曲を作り始めて間もない頃の気持ちを取り戻して
──最後にもう1つ聞かせてください。2024年に触れたもので、小説でも映画でも音楽でも、自分にとって刺激になった作品はありましたか?
2024年はたぶん人生で一番忙しかったんですよ。だから、ほとんど覚えていないです。ただ読んだ本で言うと、社会学者の竹内洋さんの「教養主義の没落 変わりゆくエリート学生文化」という本がべらぼうに面白かったですね。大正時代あたりに興隆した教養主義が、この本が書かれた2000年代初頭の頃に至るまでにいかに没落していったかということを、いろんなデータをもとに紐解いていく。私自身はその本に載っているようなエリートなわけではないですけど、自分とすごくリンクするような部分もあったりして、膝を打ちながら読みました。
──取材のたびに思いますけれど、これだけ忙しい中でいろんな本や文章を読んでいるんですね。
最近はあんまり酒も飲まなくなってきて、その時間を文章を読む時間に充てているので。今はそれが楽しいモードなんですよ。すごく忙しかったけど、すごく楽しかったなと思います。ひいひい言いながらやってますけど、充足感はあります。
──2025年の話も聞かせてください。この先にはツアー、そしてドーム公演や海外ライブなどが控えていますが、この先への思いにはどんなものがありますか?
ヨーロッパやアメリカでライブをやるのは初めてだし、ドームもそうですけど、ひとまず今は曲を作ることですね。「Plazma」と「BOW AND ARROW」もそうですが、曲を作り始めて間もない頃の気持ちを取り戻して、その気分を積み重ねていく。
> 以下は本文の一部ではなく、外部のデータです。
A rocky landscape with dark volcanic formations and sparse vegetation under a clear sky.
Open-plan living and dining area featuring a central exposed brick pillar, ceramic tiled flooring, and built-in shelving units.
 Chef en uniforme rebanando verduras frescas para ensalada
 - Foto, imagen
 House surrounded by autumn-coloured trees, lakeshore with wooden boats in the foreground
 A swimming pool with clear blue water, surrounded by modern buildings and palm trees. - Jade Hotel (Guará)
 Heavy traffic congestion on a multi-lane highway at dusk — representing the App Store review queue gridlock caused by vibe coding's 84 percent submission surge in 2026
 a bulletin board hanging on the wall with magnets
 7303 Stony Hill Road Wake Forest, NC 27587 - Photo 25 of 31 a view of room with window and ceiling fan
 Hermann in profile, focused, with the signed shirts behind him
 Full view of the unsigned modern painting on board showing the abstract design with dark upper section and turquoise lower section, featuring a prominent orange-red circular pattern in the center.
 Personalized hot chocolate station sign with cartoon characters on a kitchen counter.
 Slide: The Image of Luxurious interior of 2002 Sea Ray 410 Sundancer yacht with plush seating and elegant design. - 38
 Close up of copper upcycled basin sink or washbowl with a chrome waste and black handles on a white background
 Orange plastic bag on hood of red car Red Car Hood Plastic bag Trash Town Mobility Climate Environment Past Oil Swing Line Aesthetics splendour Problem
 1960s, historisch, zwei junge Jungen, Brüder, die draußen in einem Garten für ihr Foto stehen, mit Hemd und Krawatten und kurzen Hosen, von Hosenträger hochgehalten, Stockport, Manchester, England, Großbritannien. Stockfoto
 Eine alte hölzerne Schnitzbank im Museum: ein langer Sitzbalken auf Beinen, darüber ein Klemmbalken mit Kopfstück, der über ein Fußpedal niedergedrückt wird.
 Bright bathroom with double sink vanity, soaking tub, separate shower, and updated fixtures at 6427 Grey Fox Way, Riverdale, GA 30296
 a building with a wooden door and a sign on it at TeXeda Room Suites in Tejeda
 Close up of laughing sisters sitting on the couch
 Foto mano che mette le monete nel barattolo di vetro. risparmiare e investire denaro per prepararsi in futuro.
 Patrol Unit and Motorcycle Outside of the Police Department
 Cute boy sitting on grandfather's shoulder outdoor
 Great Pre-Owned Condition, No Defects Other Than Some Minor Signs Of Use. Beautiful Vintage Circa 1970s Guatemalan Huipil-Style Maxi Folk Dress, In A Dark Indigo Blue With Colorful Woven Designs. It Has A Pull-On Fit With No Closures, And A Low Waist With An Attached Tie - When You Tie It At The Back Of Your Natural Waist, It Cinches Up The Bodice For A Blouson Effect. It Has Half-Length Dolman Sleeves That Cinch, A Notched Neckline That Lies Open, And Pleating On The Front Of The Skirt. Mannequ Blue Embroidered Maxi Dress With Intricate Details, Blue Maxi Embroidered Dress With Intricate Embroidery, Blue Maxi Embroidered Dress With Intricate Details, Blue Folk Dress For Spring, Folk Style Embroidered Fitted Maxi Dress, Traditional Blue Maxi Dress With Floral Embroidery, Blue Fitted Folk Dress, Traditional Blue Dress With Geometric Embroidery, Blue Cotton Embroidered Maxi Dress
それによって自分がどういう方向に向かっていくのかを、自分自身も楽しみにしているという感じです。
公演情報
米津玄師 2025 TOUR / JUNK
- 2025年1月9日(木)宮城県 セキスイハイムスーパーアリーナ
- 2025年1月10日(金)宮城県 セキスイハイムスーパーアリーナ
- 2025年1月17日(金)新潟県 朱鷺メッセ・新潟コンベンションセンター
- 2025年1月18日(土)新潟県 朱鷺メッセ・新潟コンベンションセンター
- 2025年1月22日(水)神奈川県 横浜アリーナ
- 2025年1月23日(木)神奈川県 横浜アリーナ
- 2025年1月28日(火)愛知県 Aichi Sky Expo(愛知県国際展示場)
- 2025年1月29日(水)愛知県 Aichi Sky Expo(愛知県国際展示場)
- 2025年1月30日(木)愛知県 Aichi Sky Expo(愛知県国際展示場)
- 2025年2月8日(土)福岡県 みずほPayPayドーム福岡
- 2025年2月9日(日)福岡県 みずほPayPayドーム福岡
- 2025年2月15日(土)大阪府 京セラドーム大阪
- 2025年2月16日(日)大阪府 京セラドーム大阪
- 2025年2月21日(金)北海道 大和ハウス プレミストドーム
- 2025年2月26日(水)東京都 東京ドーム
- 2025年2月27日(木)東京都 東京ドーム
KENSHI YONEZU 2025 WORLD TOUR / JUNK
- 2025年3月8日(土)上海 Mercedes-Benz Arena
- 2025年3月9日(日)上海 Mercedes-Benz Arena
- 2025年3月15日(土)台北 Taipei Arena
- 2025年3月16日(日)台北 Taipei Arena
- 2025年3月22日(土)ソウル INSPIRE Arena
- 2025年3月23日(日)ソウル INSPIRE Arena
- 2025年3月30日(日)ロンドン Eventim Apollo
- 2025年4月1日(火)パリ Zenith Paris
- 2025年4月4日(金)ニューヨーク Radio City Music Hall
- 2025年4月6日(日)ロサンゼルス YouTube Theater
プロフィール
米津玄師(ヨネヅケンシ)
1991年3月10日生まれの男性シンガーソングライター。2009年よりハチ名義でニコニコ動画にボーカロイド楽曲を投稿し、2012年5月に本名の米津玄師として初のアルバム「diorama」を発表した。楽曲のみならずアルバムジャケットやブックレット掲載のイラストなども手がけ、マルチな才能を有するクリエイターとして注目を浴びる。2018年3月にリリースしたTBS系金曜ドラマ「アンナチュラル」の主題歌「Lemon」は自身最大のヒット曲に。2020年8月発売の5thアルバム「STRAY SHEEP」は、200万セールスを突破する大ヒット作品となった。同年の年間ランキングでは46冠を達成し、翌年も2年連続で年間首位を記録。Forbesが選ぶ「アジアのデジタルスター100」に選ばれ、芸術選奨「文部科学大臣新人賞(大衆芸能部門)」を受賞する。デビュー10周年を迎える2022年5月に映画「シン・ウルトラマン」の主題歌「M八七」やPlayStationのCMソング「POP SONG」を収録したシングル「M八七」をリリース。11月にはテレビアニメ「チェンソーマン」のオープニングテーマを表題曲とするシングル「KICK BACK」を発表し、日本語楽曲としては史上初となるアメリカ「RIAA Gold Disk」を記録した。2023年7月にスタジオジブリ宮﨑駿監督作「君たちはどう生きるか」の主題歌「地球儀」をリリース。2024年には4月にNHK連続テレビ小説「虎に翼」の主題歌「さよーならまたいつか!」を配信リリースし、8月公開の映画「ラストマイル」主題歌として「がらくた」を書き下ろす。同月、6枚目のアルバムとなる「LOST CORNER」を発表。11月にNetflixシリーズ「さよならのつづき」主題歌である「Azalea」を配信リリースした。12月には、6年ぶりの出場となった「第75回紅白歌合戦」にて「虎に翼」とのスペシャルコラボで「さよーならまたいつか!」を披露した。2025年1月には初のドーム公演を含む全国ツアー「米津玄師 2025 TOUR / JUNK」をスタートさせ、劇場先行版「機動戦士 Gundam GQuuuuuuX -Beginning-」の主題歌「Plazma」、テレビアニメ「メダリスト」のオープニング主題歌「BOW AND ARROW」を配信リリース。